TAKING bins from the city centre and removing words from signs to aid non-English speakers are among measures being considered to boost recycling.

The city's recycling rate hit the 50 per cent mark for the first time in August but the council's board member for environment John Tanner warned that could 'fall back' once a Government grant runs out next year.

The £350,000 grant has funded the city's Blue Bin Recycling League reward scheme, which has seen residents win hundreds of pounds since October 2015.

Students will also be targeted under the new measures and council staff could offer to collect waste at the end of a students' tenancy for a one-off fee.

Mr Tanner said: "We are now recycling half of the rubbish we throw way and the more we recycle the cheaper it is for the taxpayer ultimately - but we want to be doing more.

"The Government grants runs out next year and the city council continues to be short of funds and we will have to think hard to stop those recycling rates falling back.

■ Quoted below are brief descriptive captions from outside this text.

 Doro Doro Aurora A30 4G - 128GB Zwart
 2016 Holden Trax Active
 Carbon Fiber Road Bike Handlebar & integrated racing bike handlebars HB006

"In Oxford we are very lucky we have residents who are concerned about the environment and I think people are very good at putting litter in bins.

"Studies have shown we could be throwing away up to 70 per cent, which is what he want to hit."

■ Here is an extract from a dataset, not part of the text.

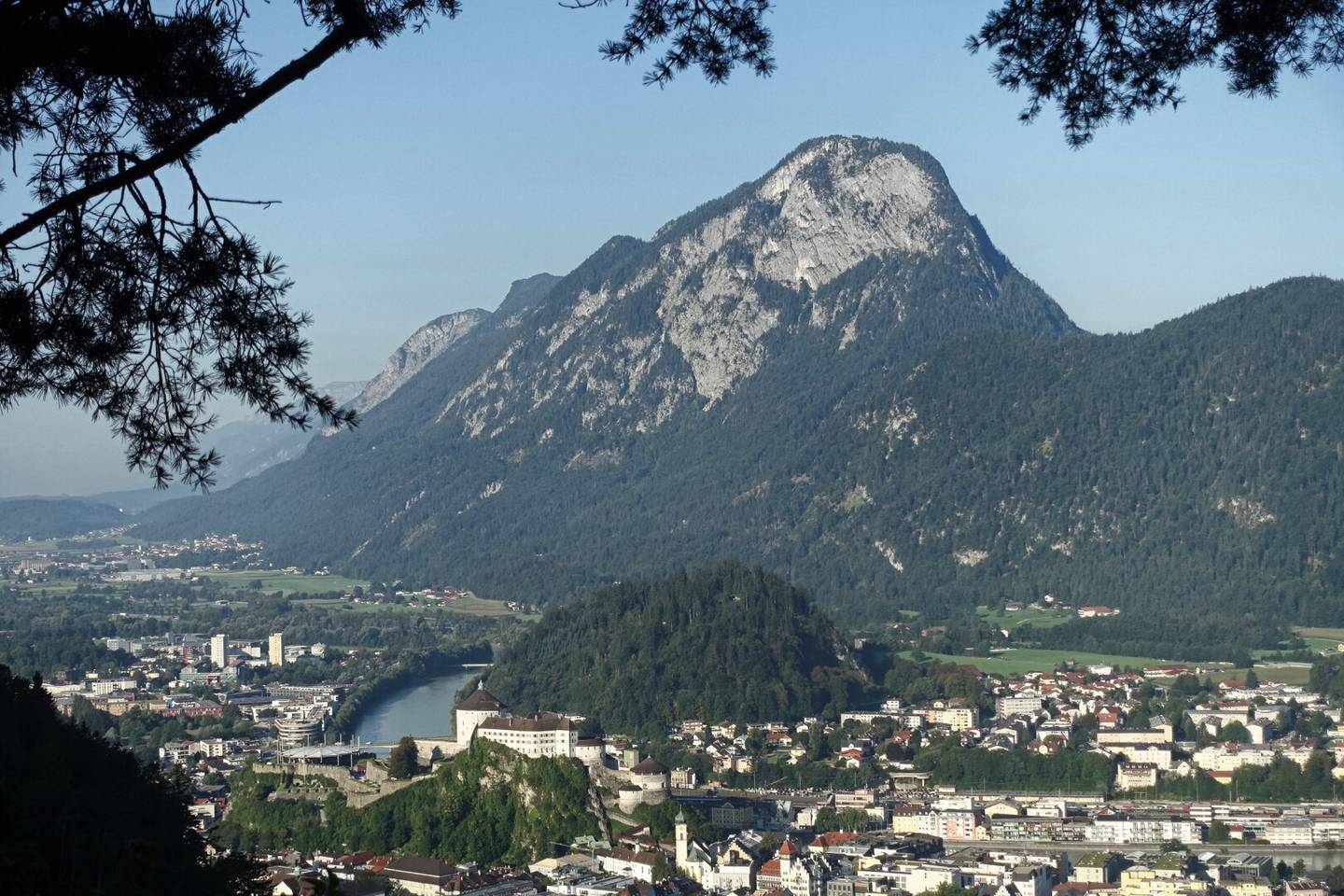 Apartment Kufstein Center Terrace Green Calm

The council's recycling panel said taking bins away from areas like Cornmarket Street for short periods would let people 'appreciate the problem of litter'. Campaigners have also backed this move but Cllr Tanner has said this particular proposal is unlikely.

Words being removed from signs and clearer images to overcome language barriers instead is more of a certainty as is an increase in school visits to promote awareness.

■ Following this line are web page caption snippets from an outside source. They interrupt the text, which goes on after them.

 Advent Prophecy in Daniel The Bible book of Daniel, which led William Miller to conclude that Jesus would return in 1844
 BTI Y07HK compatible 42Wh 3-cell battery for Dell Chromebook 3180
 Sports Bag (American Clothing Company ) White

The visual appearance of bins, with a possible new colour scheme and recycling bins with drink can-shaped holes are also on the list, which will be scrutinised today and could be approved as early as next week.

Mim Saxl, from Low Carbon West Oxford, said increasing awareness was crucial.

She said: "Removing bins from the city for a short period is a reasonably good idea.

"I guess it may result in there being a lot more rubbish but if there were signs raising awareness of littering and what can be recycled and where then it could effective.

"Also just making litter visible, by creating a pile of rubbish could also highlight the problem."

Ms Saxl added that clearer messages regarding what should and shouldn't be recycled were needed.

She said: "I consider myself to be someone who knows a lot about recycling but I still have big questions marks over certain items.

"I spoke to someone the other day who puts stuff in the recycling bin in the hope it can be recycled but isn't actually sure.

"It is certainly a barrier to improving recycling in the city."

The organisation has started handing out bamboo sporks - a cross between a spoon and a fork - to replace plastic cutlery and hoped food outlets across the city would use them.

The council's proposals will not be enforced until October 2018 at the earliest, if approved, and in the meantime businesses have rallied to keep the streets clean.

The team behind the decade-long OxClean scheme, which has seen residents clean up their own communities, has launched a new initiative to get businesses to clean the streets outside their premises.

In its first three months those signed up include the Ashmolean Museum, the Bodleian Library, Blackwell’s Bookshop, The Old Bank Hotel, Quod, The Old Parsonage, Gees, the Costa Coffee outlets in Oxford, Cowley and Summertown, Marks & Spencer’s shops in the city centre and Summertown, as well as Cherwell School.

OxClean founder Rosanne Bostock said: "It is a great idea for helping keep Oxford’s streets clean and litter-free all year round.

"It used to be a common thing to do in this country and still is in many parts of the world."